THE TASK ▸
Print word for word whatever lies between the first line of the material and the line holding "Pretty feather wrist tattoo.", both included, and omit all pictures.

RECORDS TO PROCESS ▸
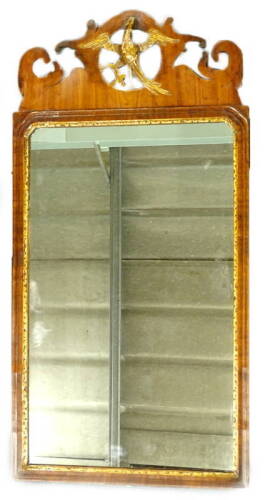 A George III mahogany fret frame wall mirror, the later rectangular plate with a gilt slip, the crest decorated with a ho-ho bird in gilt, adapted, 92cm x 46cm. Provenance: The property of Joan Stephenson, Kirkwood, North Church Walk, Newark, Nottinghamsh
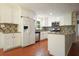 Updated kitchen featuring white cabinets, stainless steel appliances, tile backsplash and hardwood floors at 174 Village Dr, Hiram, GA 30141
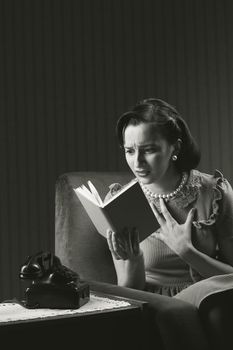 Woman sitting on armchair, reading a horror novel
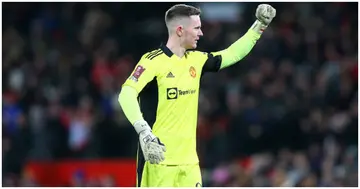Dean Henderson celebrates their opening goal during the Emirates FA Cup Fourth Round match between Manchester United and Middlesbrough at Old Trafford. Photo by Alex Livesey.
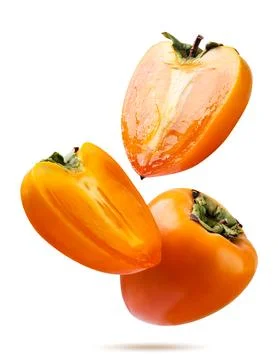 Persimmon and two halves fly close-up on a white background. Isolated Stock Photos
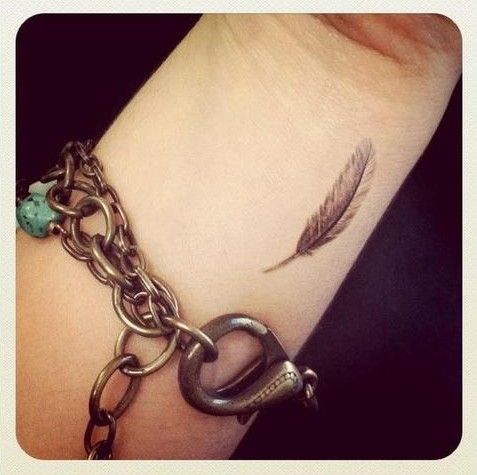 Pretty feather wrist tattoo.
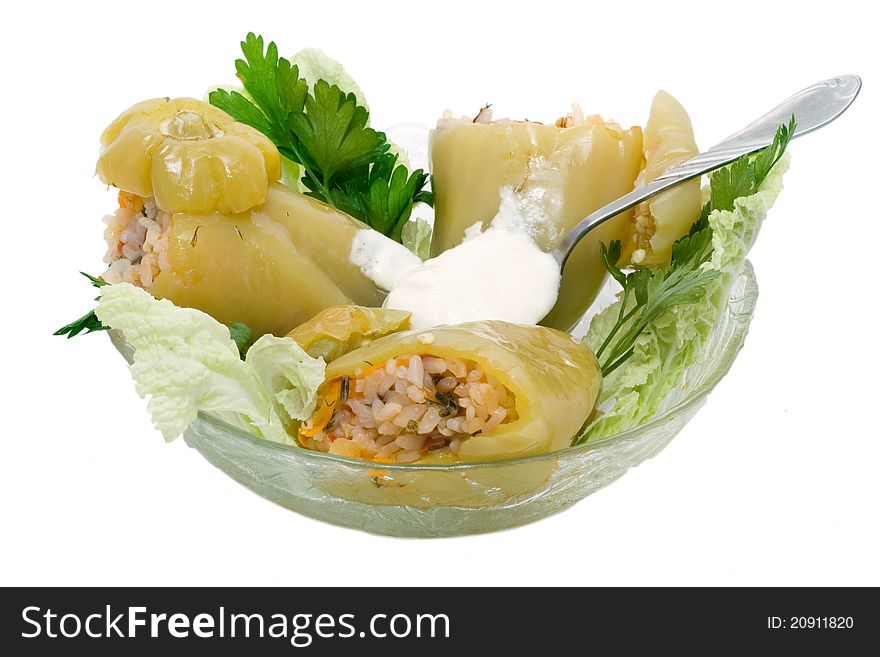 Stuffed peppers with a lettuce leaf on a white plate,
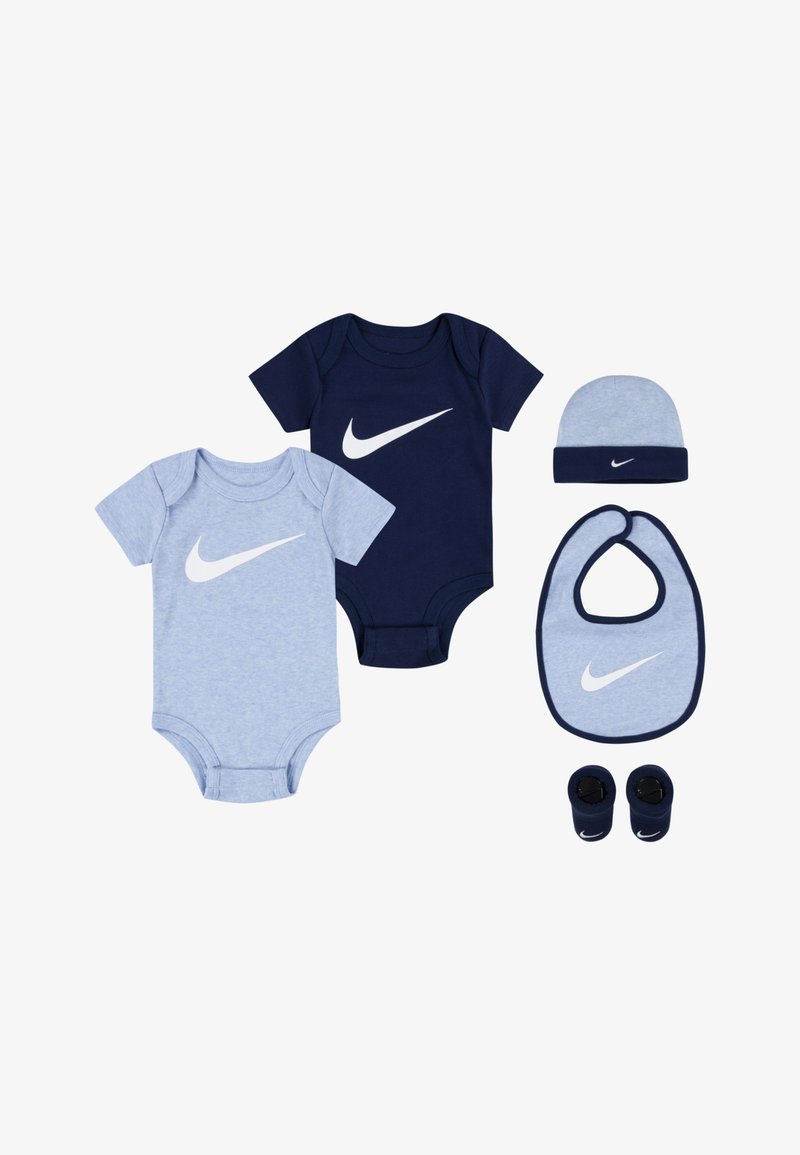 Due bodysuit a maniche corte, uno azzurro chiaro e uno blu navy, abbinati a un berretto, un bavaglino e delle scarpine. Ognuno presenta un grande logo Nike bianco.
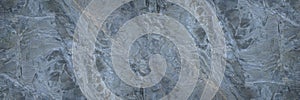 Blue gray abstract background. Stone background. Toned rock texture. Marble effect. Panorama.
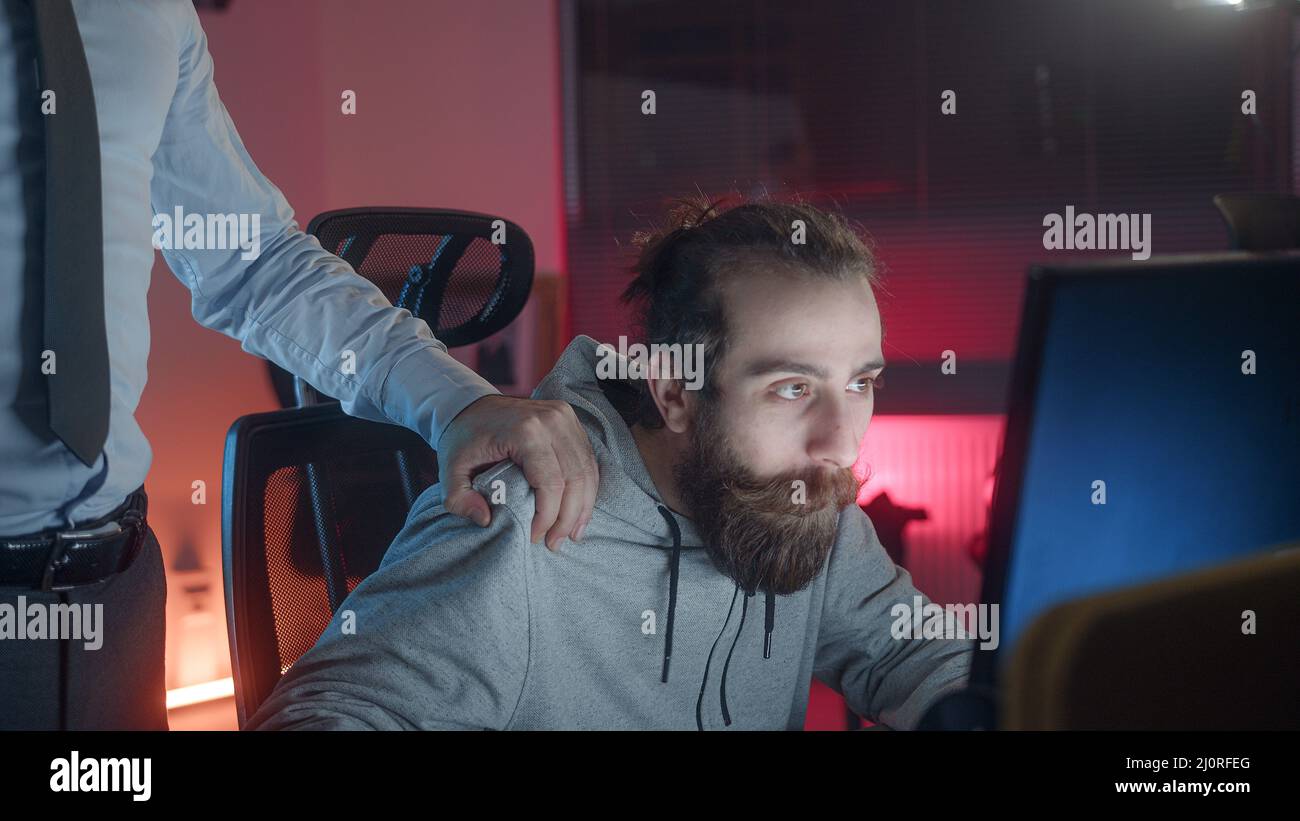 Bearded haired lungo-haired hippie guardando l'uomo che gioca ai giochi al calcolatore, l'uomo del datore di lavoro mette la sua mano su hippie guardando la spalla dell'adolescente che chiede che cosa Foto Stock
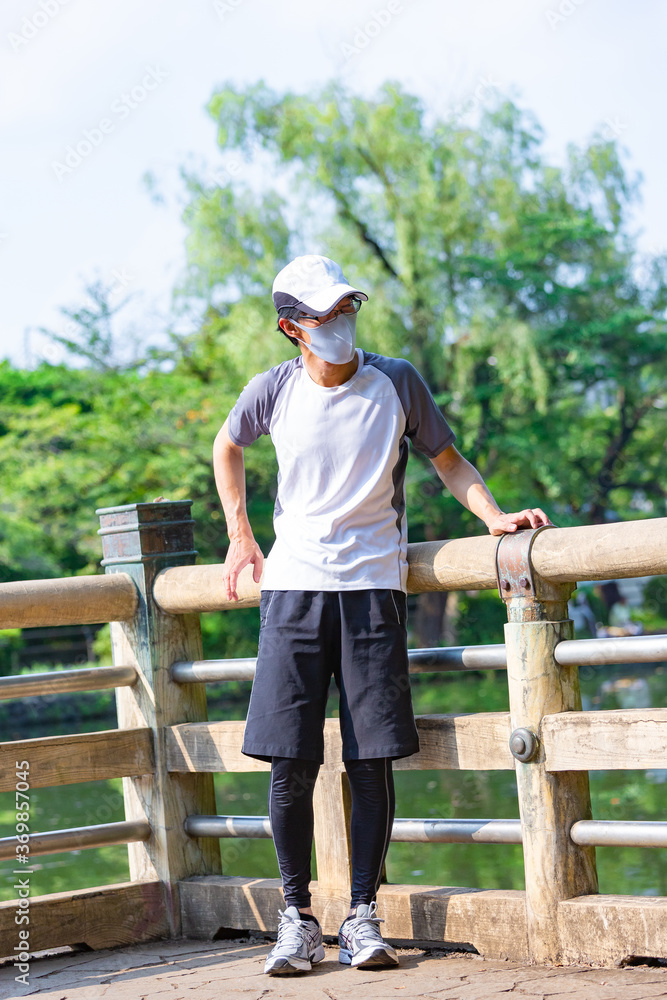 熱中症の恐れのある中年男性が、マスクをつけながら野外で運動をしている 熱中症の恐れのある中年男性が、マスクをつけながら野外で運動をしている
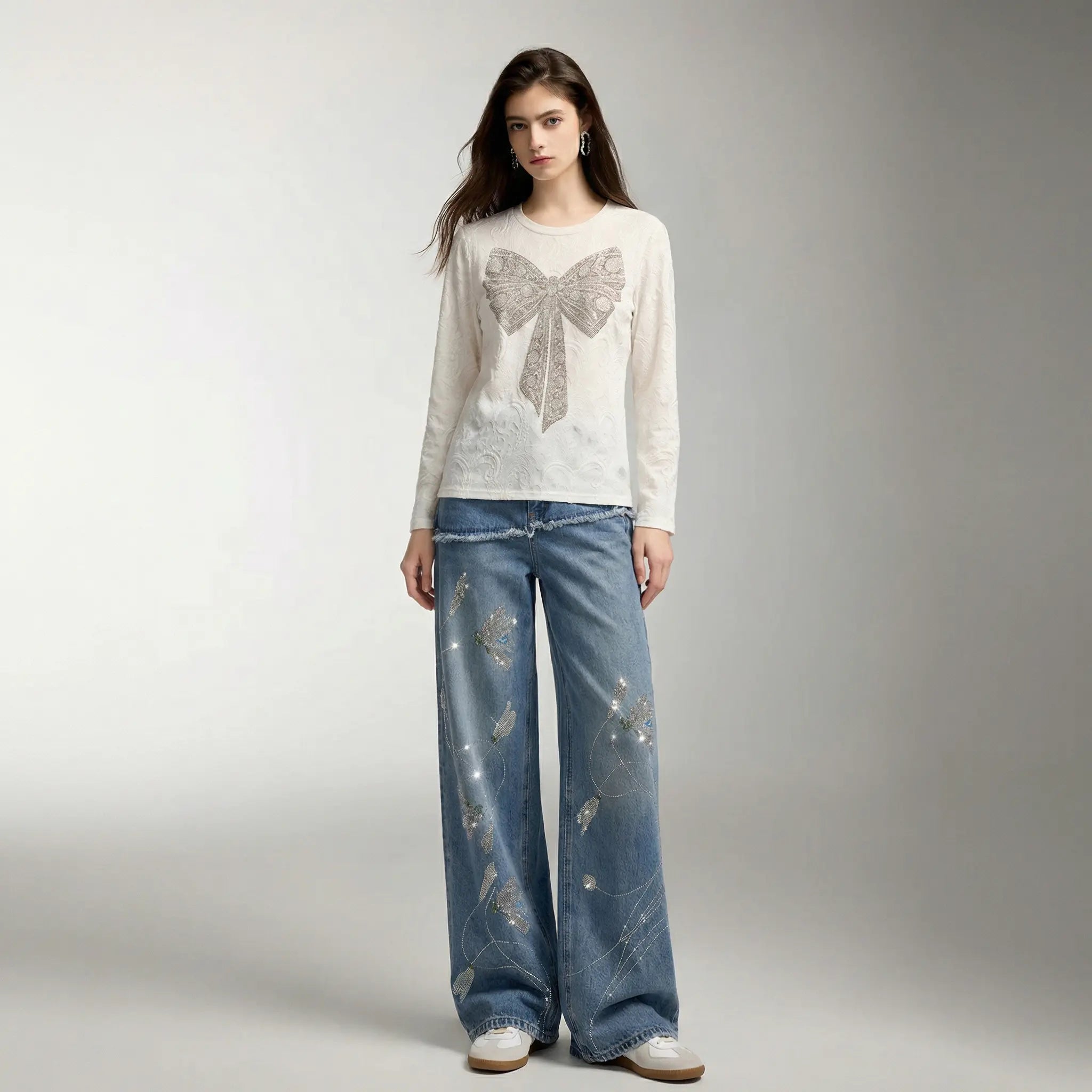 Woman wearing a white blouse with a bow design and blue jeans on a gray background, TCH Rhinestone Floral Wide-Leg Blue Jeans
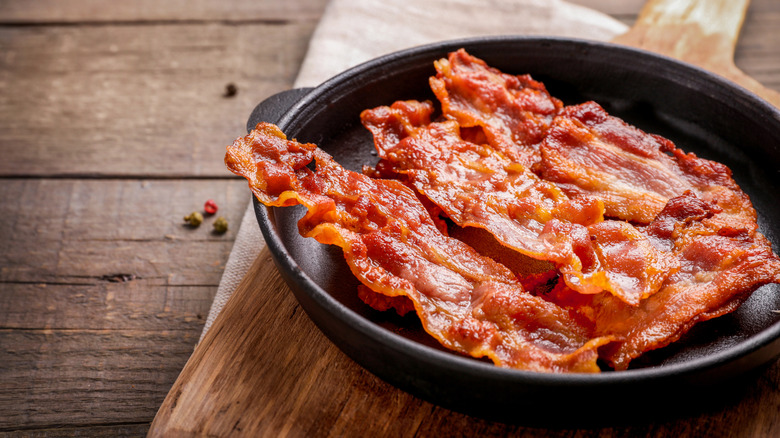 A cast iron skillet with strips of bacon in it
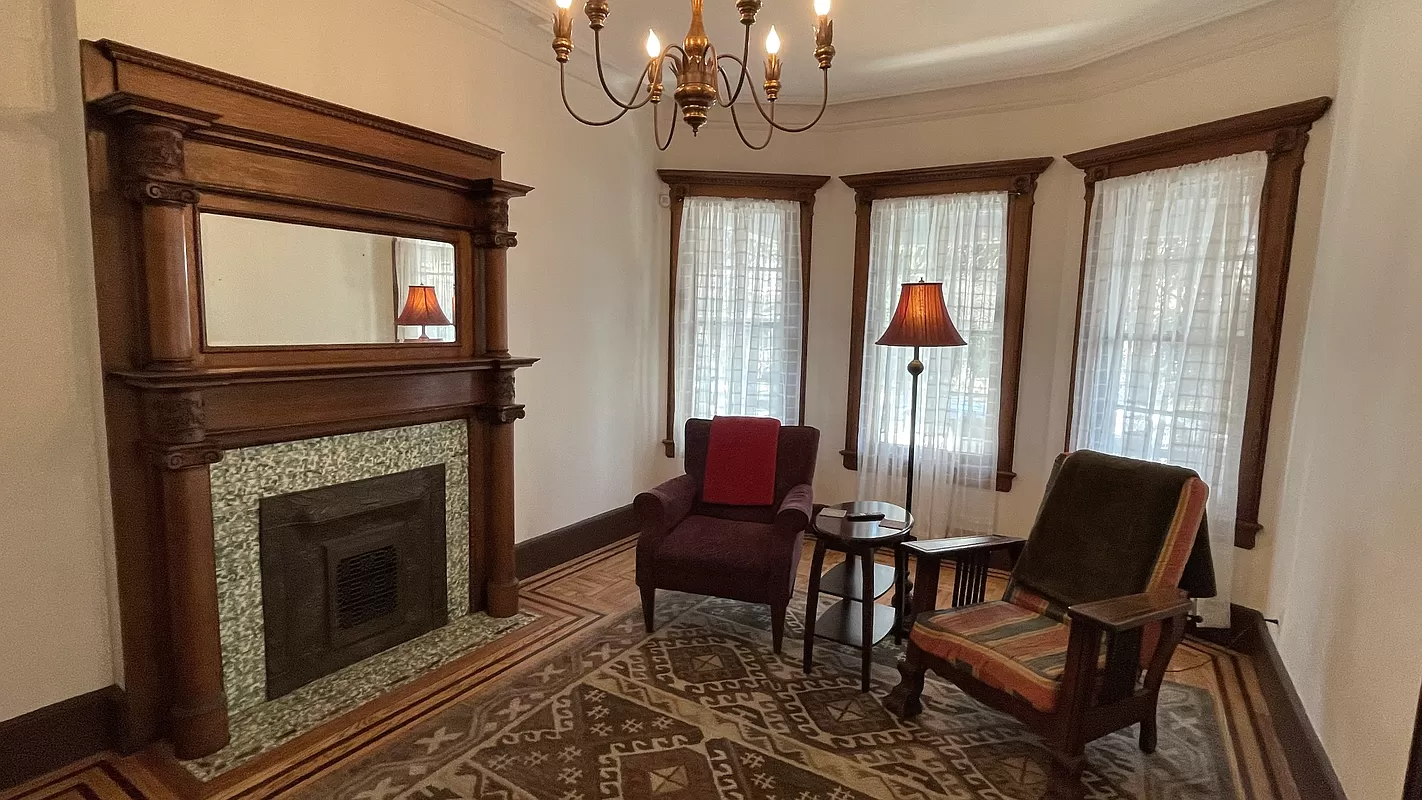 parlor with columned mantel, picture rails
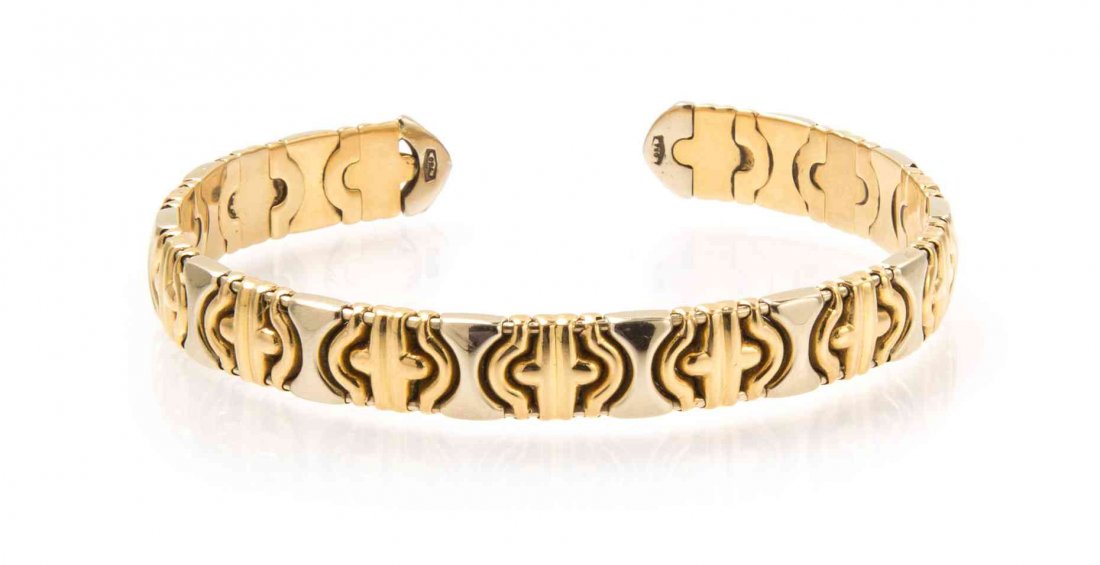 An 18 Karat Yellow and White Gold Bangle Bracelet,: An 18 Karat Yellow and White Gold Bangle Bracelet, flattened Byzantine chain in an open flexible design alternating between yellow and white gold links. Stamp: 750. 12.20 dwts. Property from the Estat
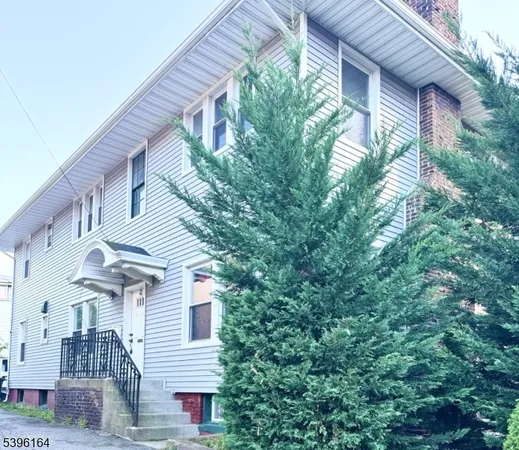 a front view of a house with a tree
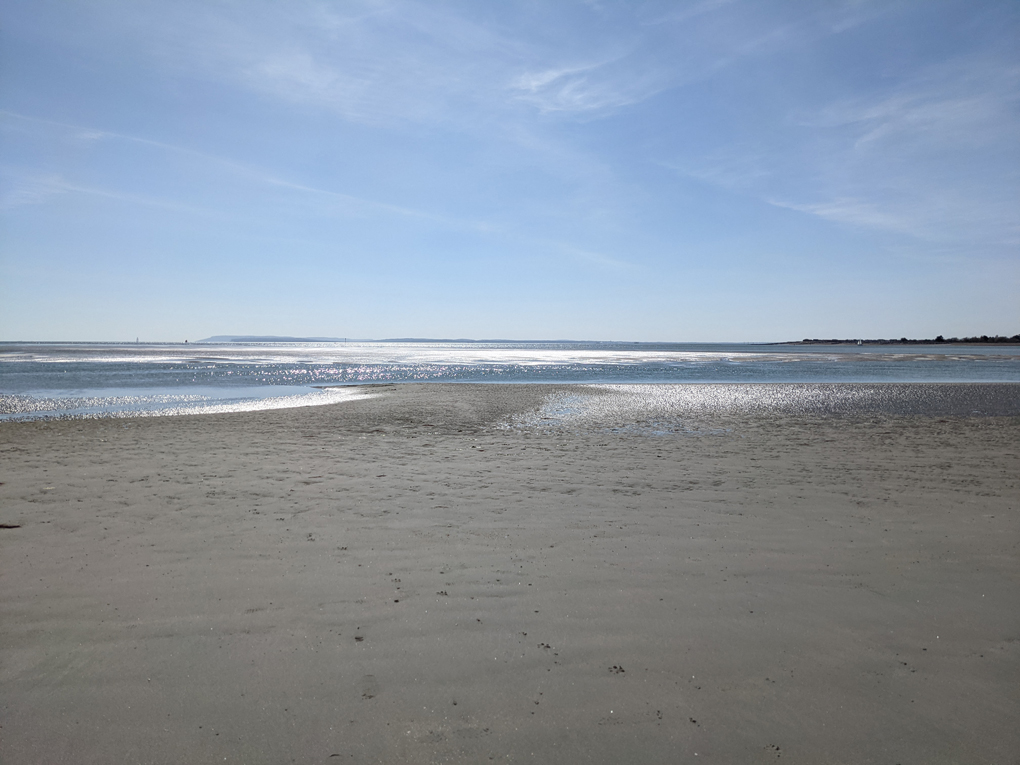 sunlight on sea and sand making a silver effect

SOLUTION TO THIS TASK ▸
 A George III mahogany fret frame wall mirror, the later rectangular plate with a gilt slip, the crest decorated with a ho-ho bird in gilt, adapted, 92cm x 46cm. Provenance: The property of Joan Stephenson, Kirkwood, North Church Walk, Newark, Nottinghamsh
 Updated kitchen featuring white cabinets, stainless steel appliances, tile backsplash and hardwood floors at 174 Village Dr, Hiram, GA 30141
 Woman sitting on armchair, reading a horror novel
Dean Henderson celebrates their opening goal during the Emirates FA Cup Fourth Round match between Manchester United and Middlesbrough at Old Trafford. Photo by Alex Livesey.
 Persimmon and two halves fly close-up on a white background. Isolated Stock Photos
 Pretty feather wrist tattoo.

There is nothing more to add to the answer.